First of all, mind that blast hits are HSPs which may be just some part of query and subject sequences not all of them. So here I just talk about these matched parts of your Q and S sequences.

Identity: "the average identity of percentage 35%" is meaningless because blast hits are independent. For example a BlastP with two hits: protein 1 against protein 2 with pident 55% and protein 1 against 3 with pident 15% say that protein 1 is to a high confidence homolog of protein 1, but about the homology between protein 1 and protein 3 you must be more cautious. mind that proteins are made of 20 different AAs and if you align two irrelevant protein sequences (or any other random AA sequences) with any length you will have a 5% random identity (for DNA and RNA sequences random identity is 25% since those are made of for different bases A,T,C,G). there is another parameter ppos in BlastP which is based on similarity. ppos is pident+(the percentage of similar but not identical AA matches).
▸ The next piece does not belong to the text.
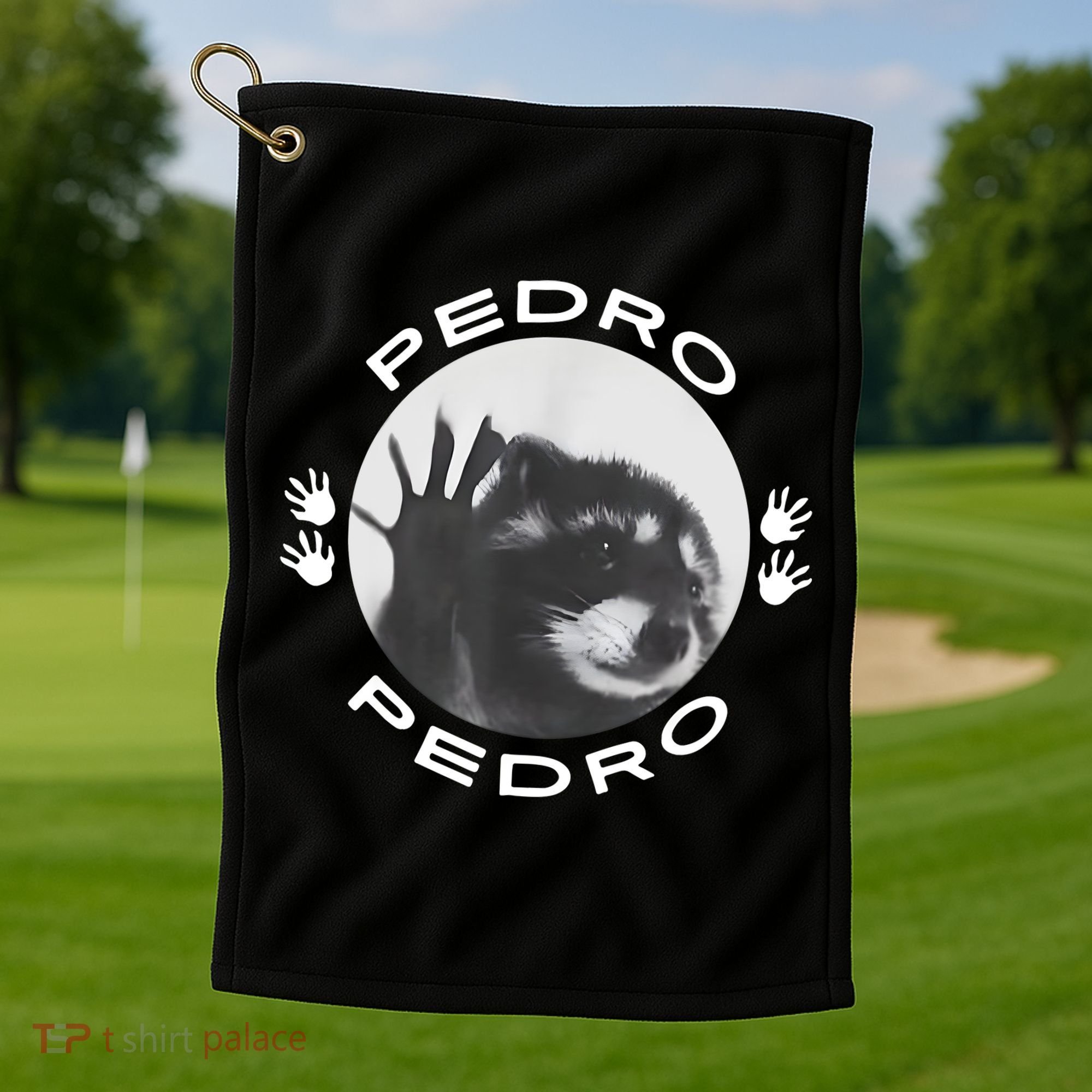 Pedro Raccoon Golf Towel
At all, I think, two AA sequences with pident higher than 20% and ppos higher than 30% are close enough to be called homolog. in NA sequences I think pident 40% and above is OK.

P-Value: depends on query and DB lengths but I think p-value lower than 10^-5 shows a relation.

BitScore: Very depends on query length. Compare bitscore with your qlen, I think if bitscore of a hit is 0.7 of qlen or greater, query and subject are close enough.